### TASK STATEMENT
Leaving out the pictures, please reproduce exactly and only the lines from the one that contains "Queen's Jewelry Set" through the last line below.

[SUPPLIED INFORMATION — start]

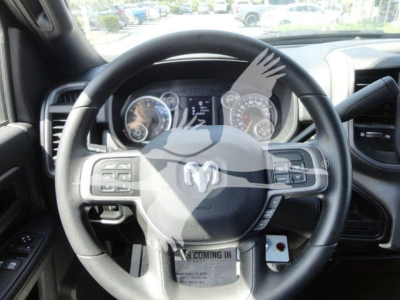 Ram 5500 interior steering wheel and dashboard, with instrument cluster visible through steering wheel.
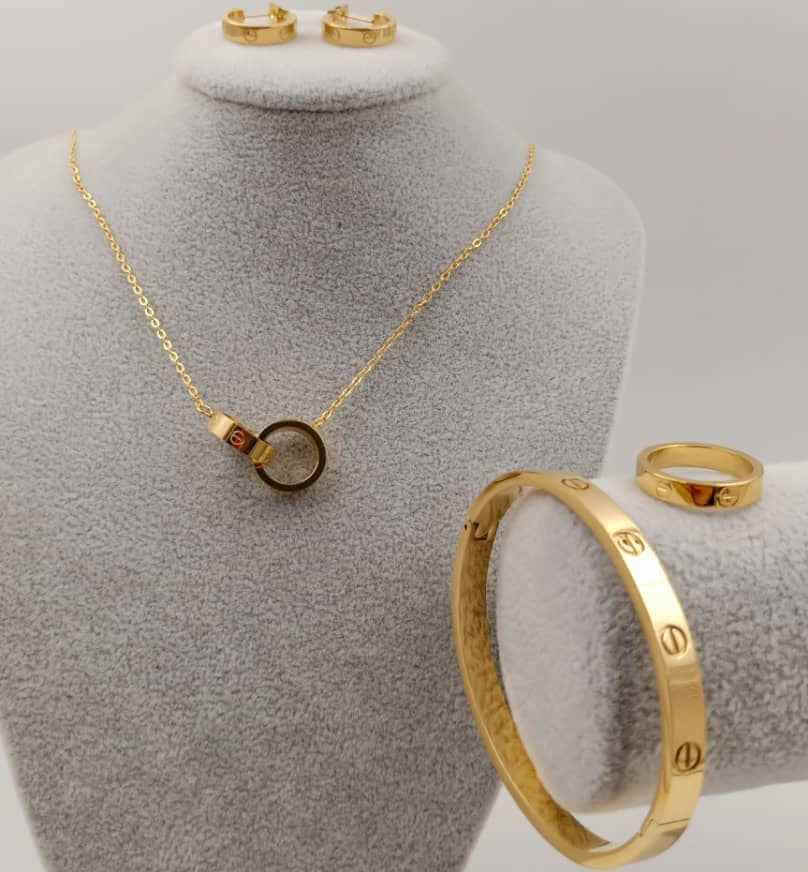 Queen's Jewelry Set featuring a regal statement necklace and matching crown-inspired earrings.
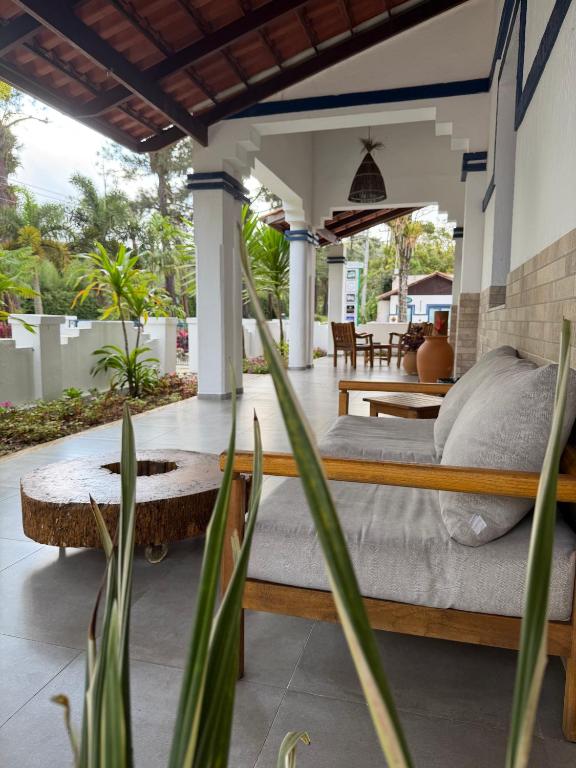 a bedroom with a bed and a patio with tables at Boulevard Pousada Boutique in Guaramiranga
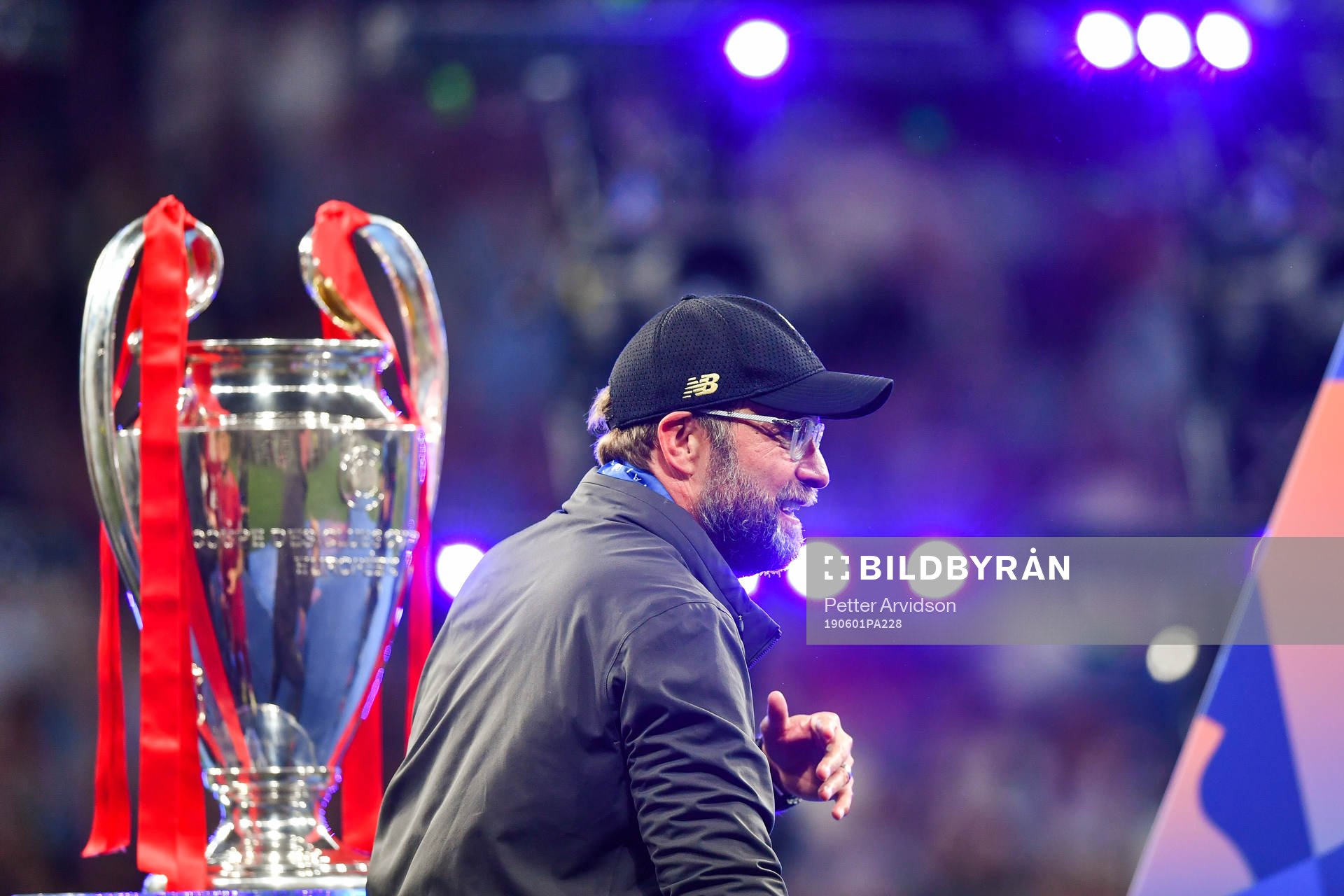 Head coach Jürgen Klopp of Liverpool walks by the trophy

[SUPPLIED INFORMATION — finish]

### RESPONSE TO THIS TASK
 Queen's Jewelry Set featuring a regal statement necklace and matching crown-inspired earrings.
 a bedroom with a bed and a patio with tables at Boulevard Pousada Boutique in Guaramiranga
 Head coach Jürgen Klopp of Liverpool walks by the trophy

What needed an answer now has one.